GUY: It would, and I'm hopeful. I think it will end up going that way, but I'm hopeful it will as well. I think that would be a good thing to do, especially at the minute where the market is so competitive. And you see a lot of a lot of a high number of candidates applying for roles; it must be really frustrating and disappointing for a large number of those candidates that don't even get any feedback whatsoever of what they need to adjust to change or move forward. Absolutely. That would be encouraged.

TIM: Yes. Speaking of that actually, so yeah, a lot of candidates are seeing the LinkedIn roles with a ridiculous number of applications and a lot of competition. It's very challenging out there. If you were going for a role now yourself, it's going to be tough. Would you still be applying through LinkedIn into job boards, or would you be trying to, I don't know, leverage your network and kind of get a foot in through some other means?

GUY: Actually, I was thinking about this morning, Tim, this very subject. I was thinking about that, and LinkedIn has just made it so easy to apply for jobs. The downside to that is it's become a bit too easy. And that, we're talking about AI models and CV screening automation as a result of that, which, again, we've talked about, has its pros and cons. Yes, I would be more reluctant now to apply via LinkedIn. I would rather find that somewhere else, be it a network or a different job. Advertising avenue. Absolutely I would, because I would; it would make me feel that. I, a person, am going to at least look at my CV, and I'm at least going to have a fair crack at talking to somebody, which is key.
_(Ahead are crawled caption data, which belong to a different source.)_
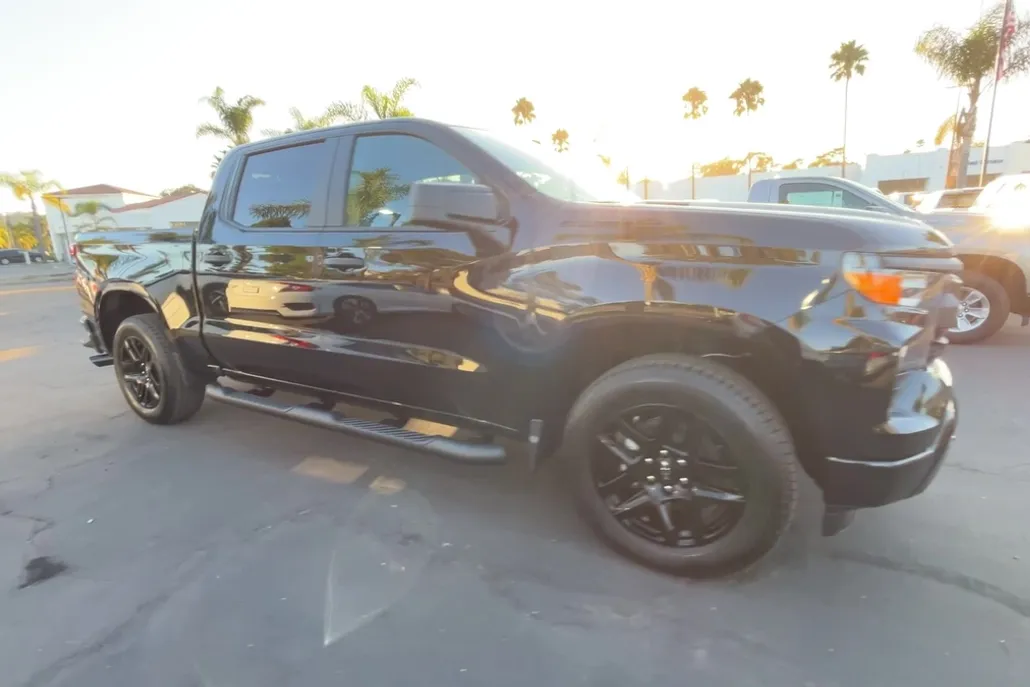 2026 Chevrolet Silverado 1500 Custom photo 1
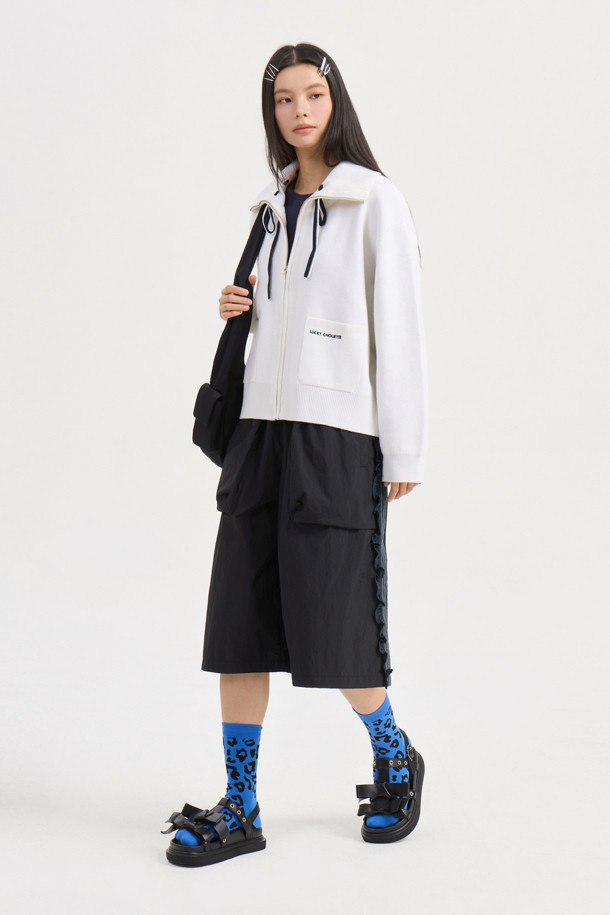 빅 카라 니트 가디건(아이보리)은 부드러운 울 소재로 제작되어 가을, 겨울 시즌에 따뜻하게 착용하기 좋습니다. 캐주얼한 무드의 루즈핏으로 편안한 착용감을 선사하며, 빅 카라 디자인이 포인트를 더합니다. 금속 지퍼와 아웃 포켓 디테일, 로고 배색, 스트라이프 니팅 테잎, 그리고 볼륨감 있는 카라가 특징입니다. 데일리룩, 카페룩, 모임룩 등 다양한 TPO에 활용하기 좋으며, 캐주얼, 클래식, 미니멀 스타일을 연출할 수 있습니다. 긴 소매 기장에 두꺼운 두께감으로 포근함을 더한 아이보리 컬러의 니트 가디건입니다.
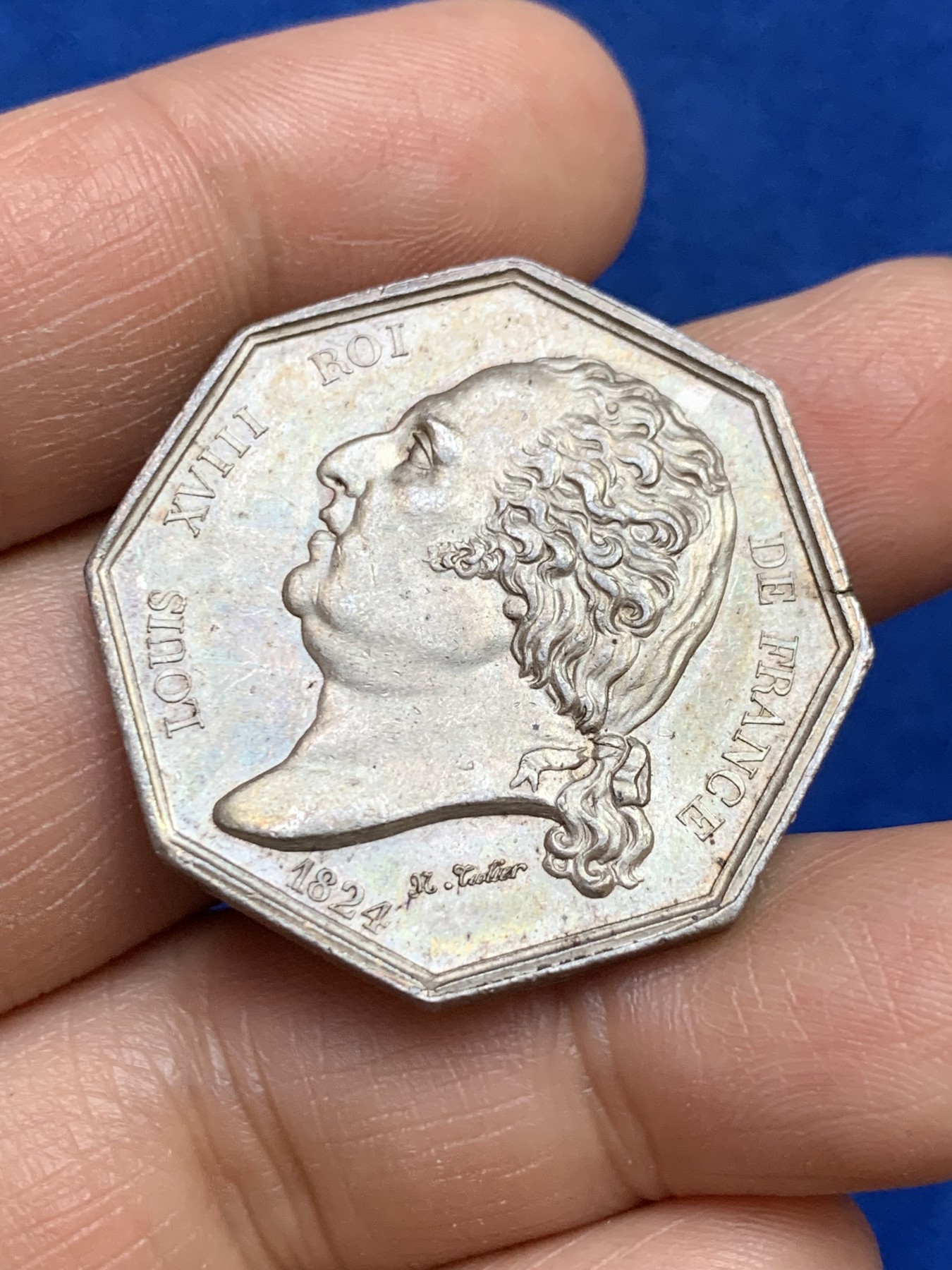 《竞宝斋》第237场- 周日，周一，周二，周日 疯狂4连拍 (全场包邮) 法国八角银章，巴黎证券交易所，17.64g，33.3mm，1832年之前早期无边铭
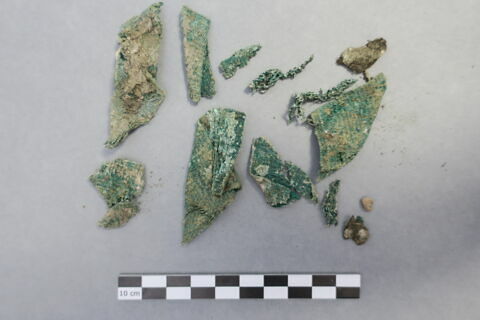 objet indéterminé, fragment, image 2/2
That's the first big hurdle of any interview process: getting that face-to-face communication. So yeah, it would put me off. It really would. And it would also put me off advertising the roles I had on there as well. And I only see, at the minute, I only see that getting worse. So maybe there's something else out there because there's not something for an opportunity somewhere. Yeah.

TIM: Yeah, I feel it's great to have these open platforms where, in theory, anyone can apply, which is great because then it's not as old boys or girls club, where you just like jobs for the mates or whatever. So that's fantastic. But if anyone can apply. And so then I'm sure you're on the receiving end of a lot of highly irrelevant resumes from people on other planets almost that have no relevant experience at all. It's just almost like dealing with spam. And so that's not helping you as a hiring manager find the great candidate either.

GUY: Indeed, I find, and I find that really strange, even to this day when I've had that happen, someone's applied for a data engineering job in PostgreSQL, and somebody's applied that, that's done HTML. Coding. Yeah, I don't get it. I don't understand it, but it happens, and I think all it's doing is making the process for someone to find that position much more difficult.

TIM: Yes.

GUY: And I don't see it as the current situation. I don't see it as sustainable; something does need to change, I think.

TIM: Yes. Yes. Something needs to change. Could be AI; could be something else. We shall see. Guy, if you could ask our next guest one question about hiring, what would you ask them?

GUY: Good question, difficult question. I mean it; I would probably ask them. Do you see your hiring process changing from how you've done it in the last 12 to 18 months? And like I mentioned before, how I used to recruit, how I used to interview, it's changed so much because of the landscape, because of the social landscape, because of the technology landscape. How do they see it? I'm really super interested to know, I think, how they're going to adapt in the next 12, 18, or 24 months. I guess that would be my question. That would be something I'd like to know.

TIM: Excellent. I will level that at a guest sometime probably early next week, and I'm also keen to hear what they'll say. Guy, it's been a great conversation today. I've really enjoyed it. Thank you so much for joining us and sharing your insights with our audience.

GUY: Gotcha. Thanks, Tim. Thanks very much.